周易64卦384爻占断
266、沢地萃(たくちすい)2爻
◇ 萃とは何か?
沢地萃(たくちすい)は、「人や力が中心へ集まり、まとまりが生まれる」卦です。
上卦は兌(沢)、下卦は坤(地)。地に水が集まるように、自然と人心が寄り、拠り所が定まると運が整います。
萃の要点は「どこへ集まるか」です。
この卦では五爻が中心であり、そこへ集うことで秩序が立ちます。初爻は“行こうとして行けない”苦しさが描かれましたが、二爻はそれと対照的に、正しい縁があり、無理に押さずとも引き立てられて集う局面を示します。
◆ 卦全体が教えてくれること
萃は「集まる」卦ですが、ただ群れるのではなく、中心(五爻)に向かって整然と寄ることが肝心です。
二爻はまさに、五爻に対して正しく響き合う位置にあります。
ここでは「自分から無理に押し出す」よりも、中を守って、引かれる形で進むことが吉となります。

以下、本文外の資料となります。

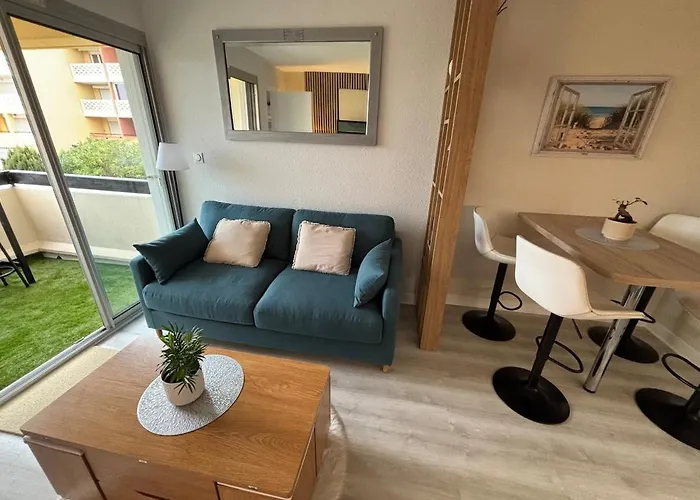 Abbaye Du Cap, Jolie , Cap D'agde * アグド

才能や力を誇示して前へ出るより、虚心を保ち、機が来たら自然に引き上げられる――この東洋的な“節度ある進み方”が、二爻の美点です。
◆ 2爻の爻辞と解釈
【爻辞】
「引(ひ)かれて吉(きち)。咎(とが)なし。孚(まこと)あれば乃(すなわ)ち用(もち)いて禴(やく)するに利(よろ)し。」
【象伝】
「引(ひ)かれて吉(きち)咎(とが)なきは、中(ちゅう)未(いま)だ変(へん)ぜざるなり。」
● 解釈
二爻は、五爻(集まりの中心)に対して、位置の上でも心の上でも“通じやすい”ところにあります。

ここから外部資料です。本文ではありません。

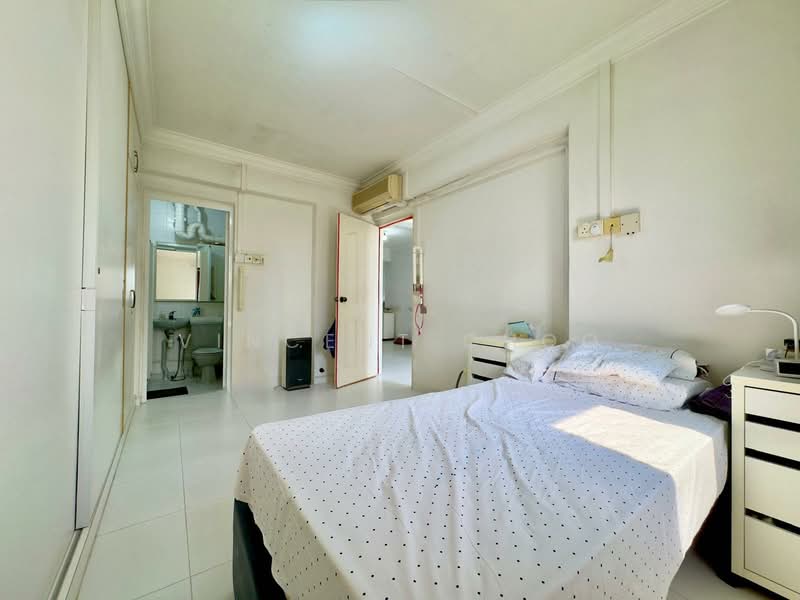 5 Farrer Road HDB Flat For Sale at S$ 1,050,000 | PropertyGuru Singapore - Bedroom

そのため、こちらがあれこれ策を弄して押し上がろうとしなくても、向こうから手が差し伸べられ、引かれる形で物事が進むのです。これが「引かれて吉」。そして、道理にかなった形で進むので「咎なし」と続きます。
ただし、ここでの吉は「大げさに飾るほど良い」という意味ではありません。
むしろ二爻は、坤の柔中――控えめで、芯があり、私心が少ない態度が合います。
自分の腕を誇ったり、必要以上に宣伝したり、押し込んだりすると、せっかくの“引かれる運”を乱しやすい。だから、中を守ることが最大の条件になります。
後半の「孚あれば乃ち用いて禴するに利し」は、核心がはっきりしています。
大きな供えや派手な形式を整えなくても、誠意があれば、簡素でも通じるということです。
禴(やく)は、盛大な祭ではなく、供物を抑え、精神を重んじるタイプの祭りを指します。
つまり二爻は、外見や物量で勝負せず、真心と筋の通った姿勢で中心に寄るのがよい、と教えています。
象伝の「中未だ変ぜざるなり」は、さらに実務的です。
二爻は五爻に向かう志がぶれず、途中で方針転換しないからこそ、引かれて吉となる。
言い換えるなら、今ある筋を変えず、節度を保って進むほど、援助が入りやすいということです。
◆ 含まれる教え
- 無理に押し上がるより、「引かれる流れ」に乗るほうが吉
- 自己主張や誇示よりも、柔中(控えめだが芯のある態度)が効く
- 誠意があれば、形式や物量が乏しくても通じる
- 方針を変えないことが、援助と信用を呼ぶ
- “中心に集う”ことを忘れず、派閥や余計な動きは増やさない
◆ 仕事
仕事では、引き立て・推薦・紹介・上からの指名が起きやすい時です。
自分から強く売り込むより、淡々と質を保ち、今の方針を崩さずに続けるほうが、結果として評価が集まります。
交渉や取引は、こちらから無理に詰めるより、相手の出方を待ち、相手が歩み寄った瞬間に整えていく。
「簡素でも誠実に」を貫けば、話がまとまりやすいでしょう。
◆ 恋愛
恋愛・縁談では、相手側からの働きかけが起こりやすい象です。
こちらが押しすぎるよりも、落ち着いて誠意を示し、流れが来たら応じるほうがうまくいきます。
すでに話が進んでいる縁なら、方針をいじらず、そのまま整えていくのが吉。
派手な演出より、信頼を積む態度が決め手になります。
◆ 沢地萃(2爻)が教えてくれる生き方
二爻が教えるのは、
「中を守る者は、無理をせずとも引き上げられる」という生き方です。
誠意を失わず、派手さに頼らず、道を変えない。
そうして中心へ寄るべき時に、自然に手が差し伸べられる。
“引かれて吉”とは、運任せではなく、節度と一貫性が呼び込む吉なのだ――二爻はそう語っています。